Поэтому вполне понятно, что Людовик XIV, узнав о прибытии посольства от владетеля далекой страны, был польщен этим вниманием как знаком того, что слух о его славе достиг и далеких иноземных государств. Но так как Московское государство тогда еще не вступило в семью остальных европейских государств, он все же не придал большой важности вниманию «великого князя Московии», как называли русского царя, и его диких бояр.
Однако было решено, что с московским посольством обойдутся как и с остальными посольствами и уплатят все издержки, как просил русский посланник.
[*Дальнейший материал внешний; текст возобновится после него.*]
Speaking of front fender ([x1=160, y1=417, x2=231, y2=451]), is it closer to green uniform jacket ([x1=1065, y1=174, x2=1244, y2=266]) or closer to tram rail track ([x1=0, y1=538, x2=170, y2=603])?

И вот однажды русские увидели, что в их лагерь въезжает небольшая группа людей с офицером королевской гвардии.
– Ну-ка, что эти ребята нам привезли? – сказал Потемкин, когда ему доложили об этом. – А что, Роман лежит еще? – спросил он затем, вспомнив, что вследствие внезапной болезни Яглина посольство осталось опять без переводчика.
– Лежит, государь, – ответил подьячий. – И все бормочет во сне.
– Эка напасть-то! И с чего это он?
– А неведомо, государь, – ответил Прокофьич. – Знать, со сглаза: народ, видно, здесь все лихой.
– А как же нам быть без толмача-то?
– Разве позвать Яна Гозена? – подумав, сказал подьячий. – Он хотя по-фряжскому не разумеет, зато по-латынски знает. Он из Курлянт[20]
. Может, и столкуется с фряжскими людьми.– Ну, ин ладно. Зови Гозена, – распорядился Потемкин.
Привели уроженца Курляндии Яна Гозена, говорившего по-немецки и по-русски, но знавшего и латинский язык. Ему рассказали, в чем дело, и он повиновался приказанию посланника быть толмачом.
В это время доложили о прибытии королевских посланных.
Во главе их стоял гвардейский офицер Катё, к счастью тоже знавший латинский язык. Он держался чрезвычайно вежливо по отношению к посольству и заявил, что по приказанию короля ему поручено состоять при посольстве. Затем он приветствовал послов от имени короля и сказал, что все готово для поездки посольства за счет короля в Париж и что лошади, кареты и тележки для перевозки вещей – все это приготовлено.
Потемкин при этом облегченно вздохнул.
– Бьем челом государю вашему, – сказал он Катё и низко поклонился, касаясь рукою земли.
Вся свита последовала его примеру.
– Слава Царице Небесной! – продолжал Потемкин. – Наконец-то нас здесь достойно, как по чину полагается, встречают. А теперь на радостях надо гостей попотчевать, – и он, приказав подать прохладительные питья, крайне любезно отнесся к посланным французского короля.
Когда через час последние удалились из лагеря, туда въехали кареты, лошади и тележки. Маркиз Сен-Люк одолжил три своих экипажа, Катё нанял еще четыре. Кроме того, наняли более пяти тележек и еще верховых лошадей.
Потемкин решил ковать железо, пока горячо, и приказал тотчас же сниматься с лагеря. Часа через четыре все было готово.
– А как же, государь, с Романом-то? – спросил подьячий. – Он все лежит, в себя не приходит.
Потемкин пошел навестить Яглина. Последний лежал без памяти в своей палатке. Лицо его было красно, и по временам он бредил.